A Localiza é uma delas. "Conseguimos fazer toda a jornada, desde quando a pessoa entra no processo seletivo até quando ela está na empresa. Isso significa que ela consegue alterar nome, crachá, email, identidade e ter apoio psicológico e jurídico caso necessário", explica Jairo Barbosa, 36, gerente de relacionamento com o cliente e padrinho do grupo de afinidade LGBT+ da empresa.

O grupo exigiu a revisão de benefícios. Como resultado, a companhia prorrogou a licença-maternidade por mais 60 dias e a licença-paternidade por mais 15 para todos os funcionários, inclusive os casais homoafetivos.

Parte da comunidade LGBT+, Barbosa avalia que as políticas da empresa sobre o tema evoluem desde 2020, quando o grupo de afinidade foi criado. "Faço questão de apresentar o programa a novos colaboradores", diz.

Em julho, o grupo organizou uma feira de artesanato e comida com pessoas ligadas à causa em Belo Horizonte.
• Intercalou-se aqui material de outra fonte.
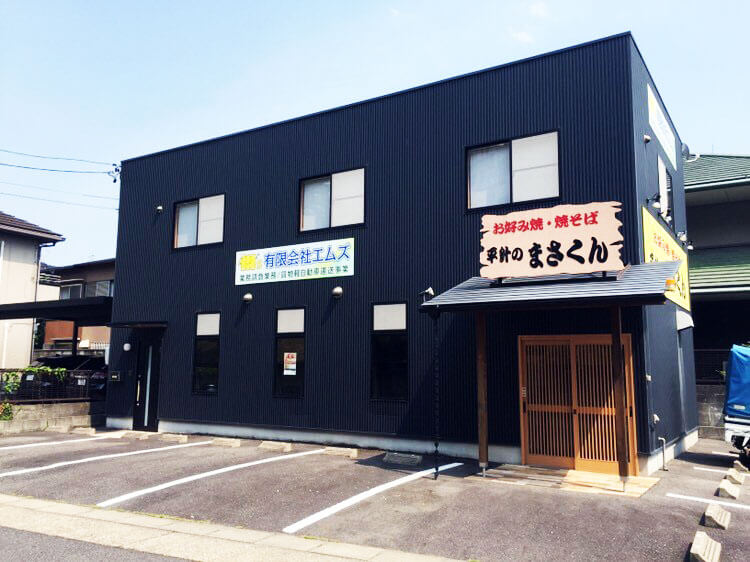 300419 5 - 岐阜県【多治見市・岐阜市】愛知県【名古屋市】さまざまな店舗・会社様の看板施工を担当させて頂きました。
Para a americana Rashawn Hawkins, diretora do programa de igualdade no local de trabalho da HRC, ações como essa ainda faltam no Brasil. Segundo ela, é necessário incentivar a inclusão para além do escritório e atrair a comunidade local.

"Temos que tomar cuidado com o que chamamos de ‘rainbow washing’. São empresas que mudam o logotipo para as cores do arco-íris no mês do orgulho e vendem produtos da causa, mas não fazem nenhum trabalho pela verdadeira inclusão. A receita dessas empresas deveria impactar a comunidade local", diz.